ACTIVITY – Only the text belongs in the copy: retype each record exactly as it appears.

(Dataset entries)
>>

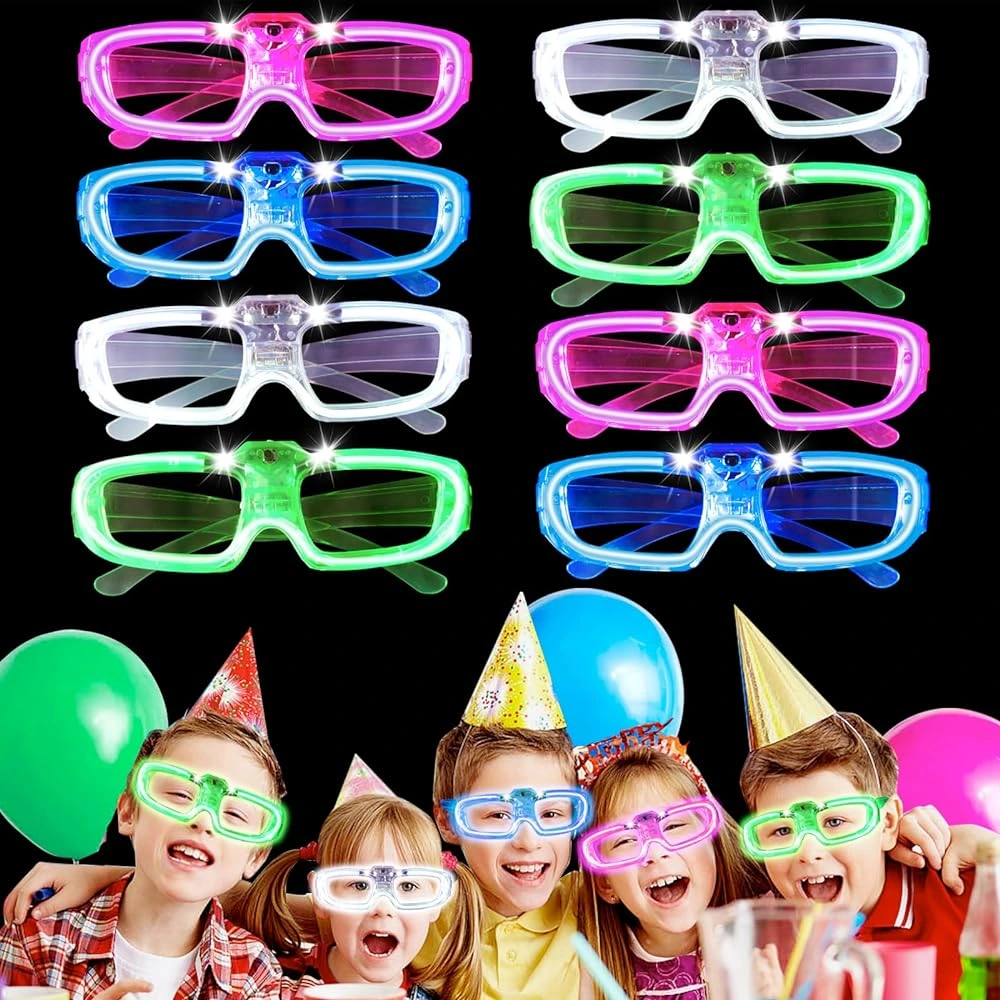 Neon Işıklı Parti Gözlüğü Pilli – 12’Li Paket 5 Renk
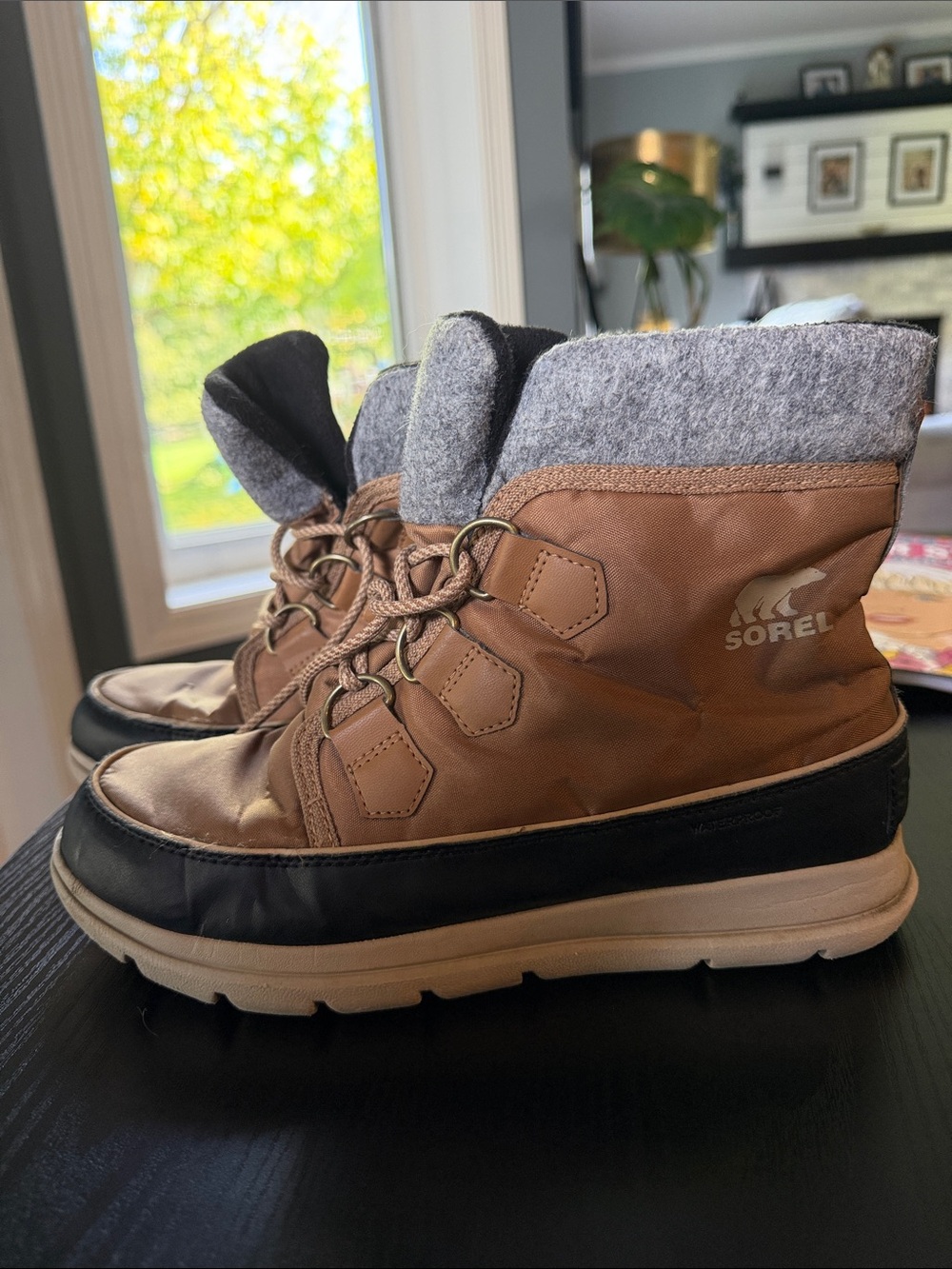 Sorel Brown, Black and Gray Women's Winter Lace-Up Boots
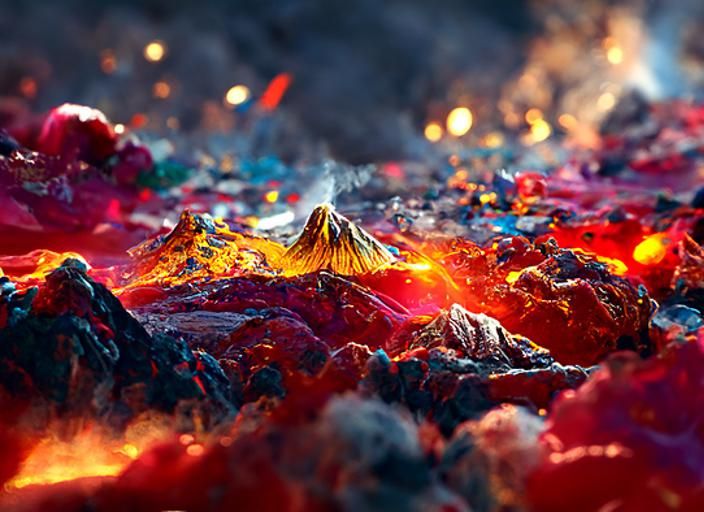 Spectacular Volcano Eruption in Hyperrealistic Digital Art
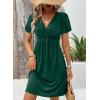 imageAcelitt Womens Casual Summer Twist Front V Neck Short Sleeve Mini Dress SXXLDark Green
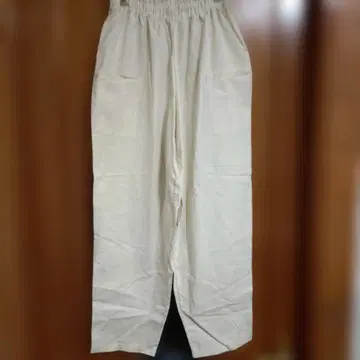 미사용 실크 패밀리 헴프 코튼 아이보리 팬츠 후와리 팬츠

<<

RESULT OF THIS EXERCISE –
 Neon Işıklı Parti Gözlüğü Pilli – 12’Li Paket 5 Renk
 Sorel Brown, Black and Gray Women's Winter Lace-Up Boots
 Spectacular Volcano Eruption in Hyperrealistic Digital Art
 imageAcelitt Womens Casual Summer Twist Front V Neck Short Sleeve Mini Dress SXXLDark Green
 미사용 실크 패밀리 헴프 코튼 아이보리 팬츠 후와리 팬츠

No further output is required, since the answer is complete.